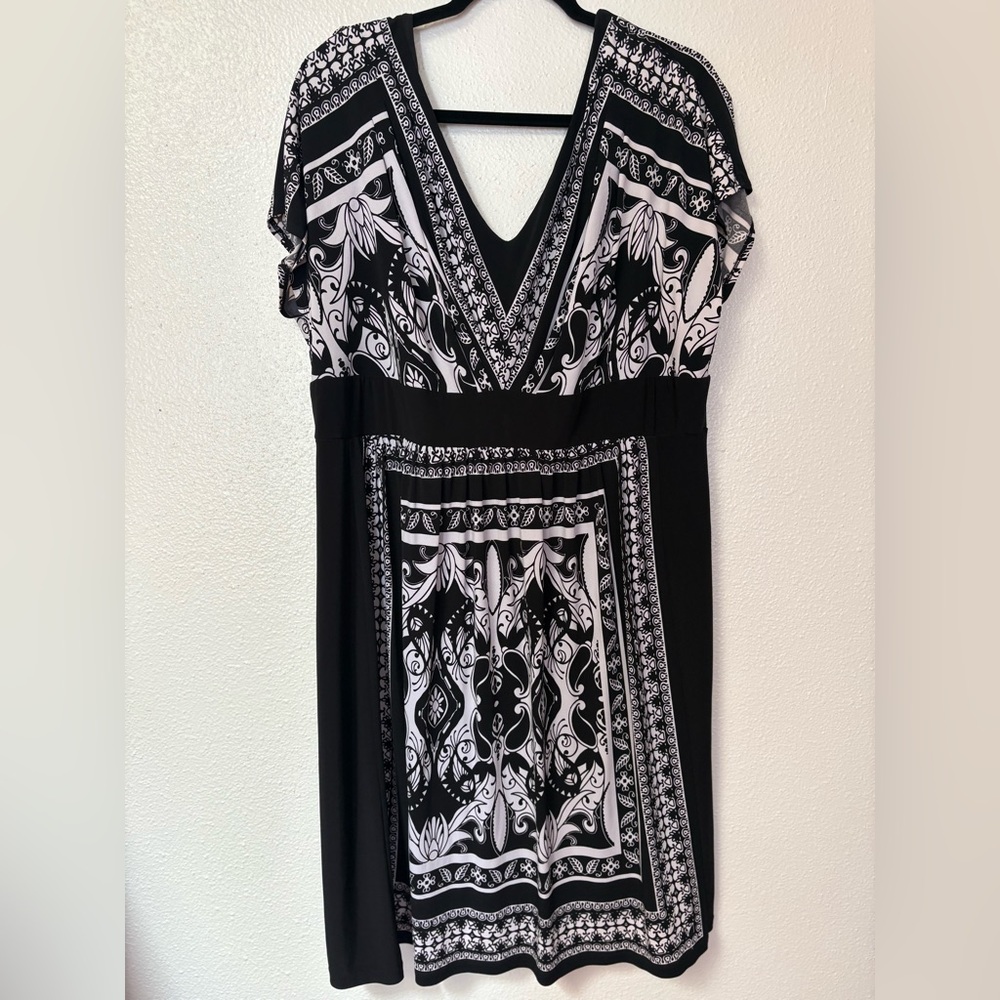 Susan Graver black white printed dress 1X
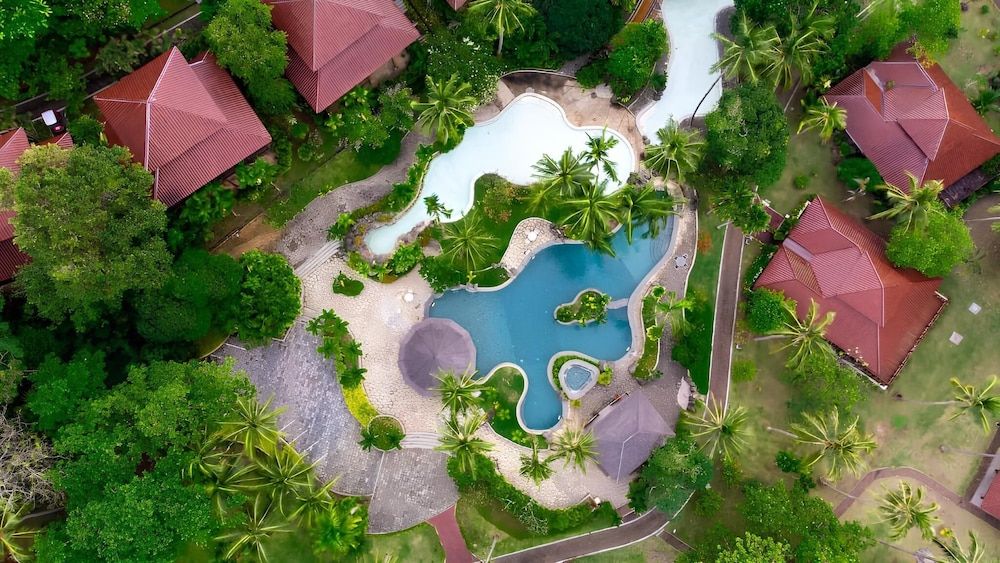 Nongsa Village Villa, 3 Bedrooms, Resort View 5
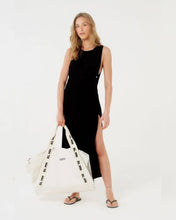Charger l'image dans la galerie, Model Front: Blueman Vêtement De Plage Vestido Saida Cropped Liso Preto Mistica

========

#### Task goal:
Copy all of the data above exactly. Leave out every picture.

#### Output below:
 Susan Graver black white printed dress 1X
 Nongsa Village Villa, 3 Bedrooms, Resort View 5
Charger l'image dans la galerie, Model Front: Blueman Vêtement De Plage Vestido Saida Cropped Liso Preto Mistica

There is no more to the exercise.